Ветшают дни, проходит человек,

Но небо и земля — извечно те же.

Приветствуя и прощаясь, поэт обращается к своему будущему гостю с широким демократическим жестом:

Дверь отперта. Переступи порог.

Мой дом открыт навстречу всех дорог.

Поэзия Йейтса, напротив, подчеркнуто аристократична. Он даже готов оправдать «буйство» и «горечь» несправедливой жизни, если они способны рождать великое искусство («Усадьбы предков»).

Он не надеется, что его потомки в превратностях лет сохранят дух места и что «цветок», взращенный им, не будет заглушен «банальной зеленью»; не рассчитывает, что они уберегут дом от запустения (как в воду глядел: к шестидесятым годам Башня стояла полуразрушенная). Он желает только, чтобы — в процветании или запустении — «эти камни» остались памятником его любви и старой дружбе.

Кто более прав из этих двух старых закоренелых символистов, учеников Метерлинка и Блаватской?

Ныне и дом-музей в Коктебеле, и восстановленная Башня Йейтса равно открыты тысячам посетителей, туристов и школьников, карабкающимся по лестнице, толпящимся во дворе, глазеющим на экспонаты. Демократия, кажется, торжествует.

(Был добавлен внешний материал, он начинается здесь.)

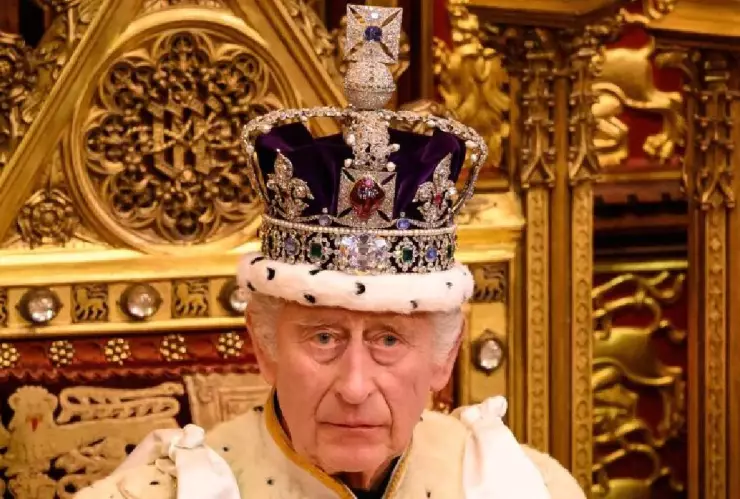 Rey Carlos III fue hospitalizado este viernes en Reino Unido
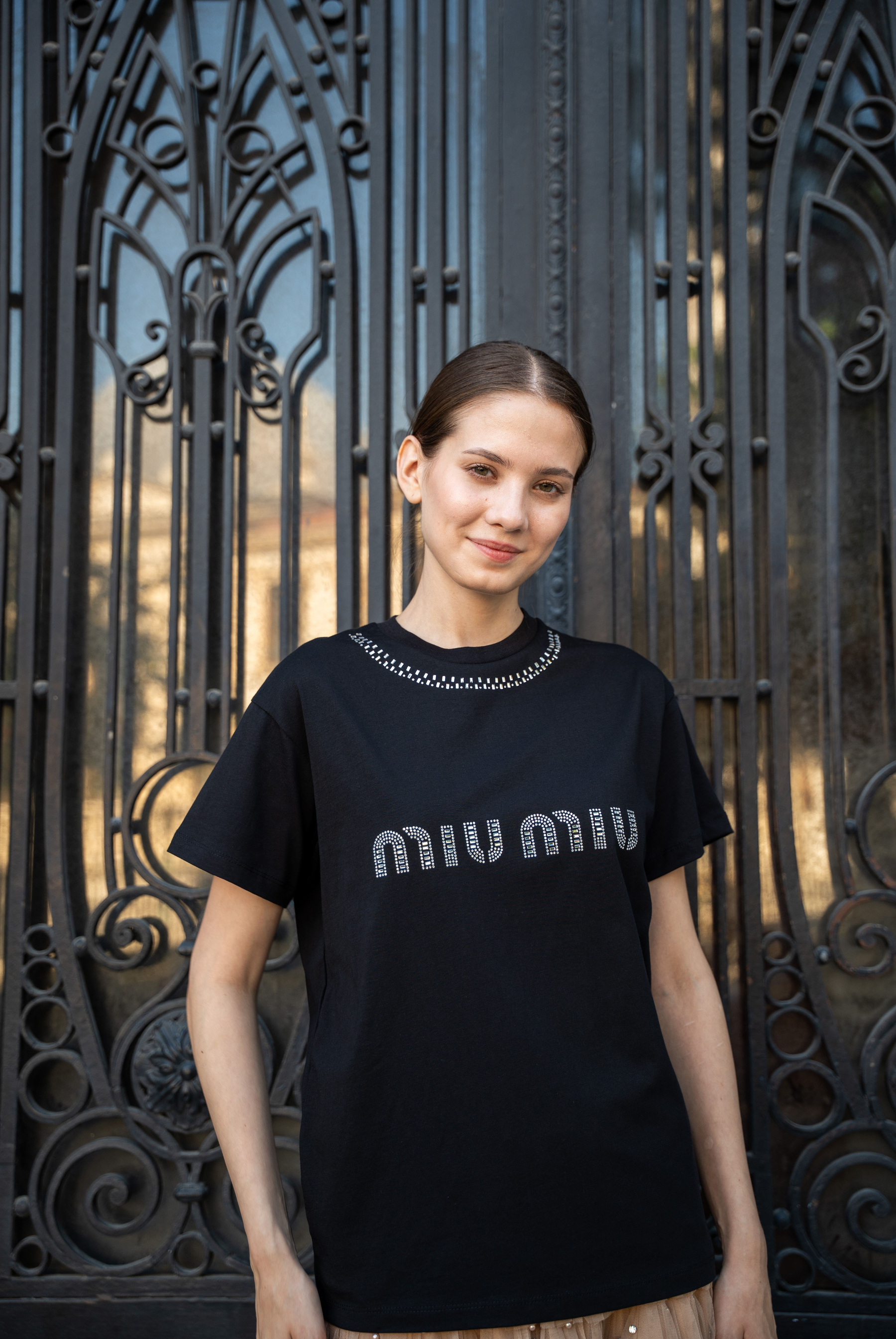 Kadın MM  Yaka Ve Göğüs Kısmında Taş İşlemeli T-shirt 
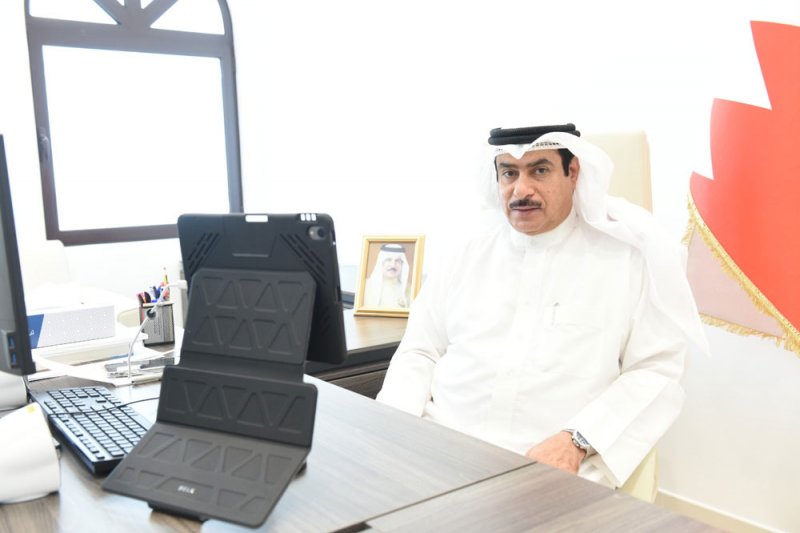 الدوسري عاتبًا على زملائه النواب: "اللي قاعد يصير غير صحيح"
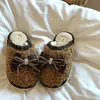 Pantuflas de algodón retro, casuales y de color azul apagado para mujer, con diseño de lazo, adecuadas para usar en interiores y exteriores, proporcionando calidez y comodidad para la temporada de invierno.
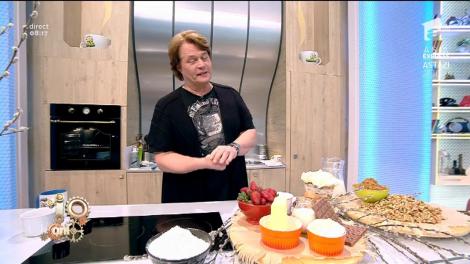 Prăjitura Cinema. O prăjitură cu foi fragede și umplutură de nucă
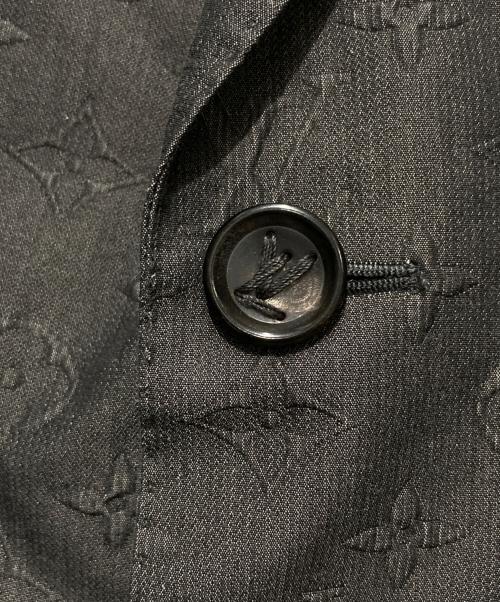 LOUIS VUITTON（ルイ ヴィトン）LOUIS VUITTON (ルイ ヴィトン) モノグラム エンボス セットアップ グレー サイズ:52の古着・服飾アイテム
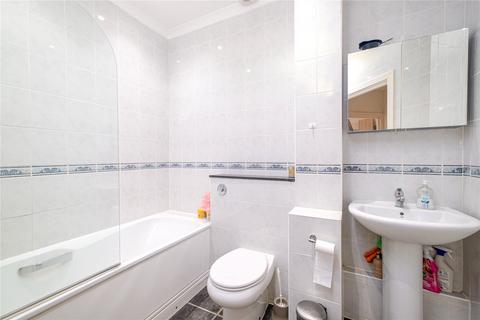 2 bedroom apartment to rent, Stag Court, Leslie Road, East Finchley, London, N2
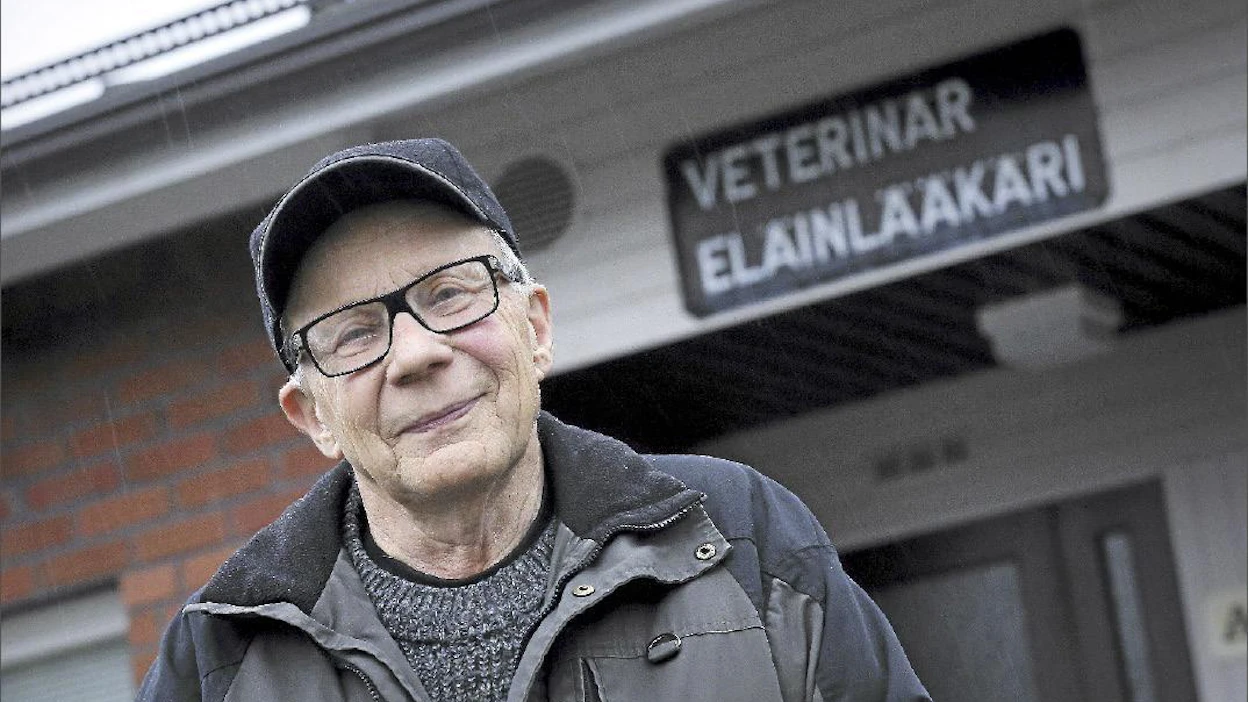 Esa Kääntee muutti nuorena eläinlääkärinä Närpiöön, koska sieltä oli kohtuullinen matka kotiin Kokemäelle. Pian mies ja muuttokuorma ottavat suunnan kohti synnyinseutua. Johannes Tervo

Но точно ли это так?

Тур Баллили и коктебельский дом стоят на крайних, противоположных рубежах Европы, как две цитадели, два монумента поэтического стоицизма.

Как при жизни, так и после нее существуют концентрические круги личности, защитные укрепления духа. Смерть, как и публика, поверхностна в своем любопытстве и легко прорывает внешнее кольцо защиты.

Внутреннее ядро неприступно в своем одиночестве и не по зубам нашему любопытству.

ВОЗВРАЩЕНИЕ В ТУР БАЛЛИЛИ. ЙЕЙТС В 1922 ГОДУ

I

Цикл Уильяма Йейтса «Размышления во время гражданской войны» входит в книгу стихов Йейтса «Башня» (1928). Она начинается со знаменитого «Плавания в Византию». За ним идет «Башня» (по которой и назван сборник). Далее следуют «Размышления...» и «Тысяча девятьсот девятнадцатый». Эти первые четыре вещи не просто задают тон книге — они составляют ее главную ударную силу. Можно сказать, что вся книга «Башня», как ракета, движется по инерции, заданной мощным первоначальным разгоном.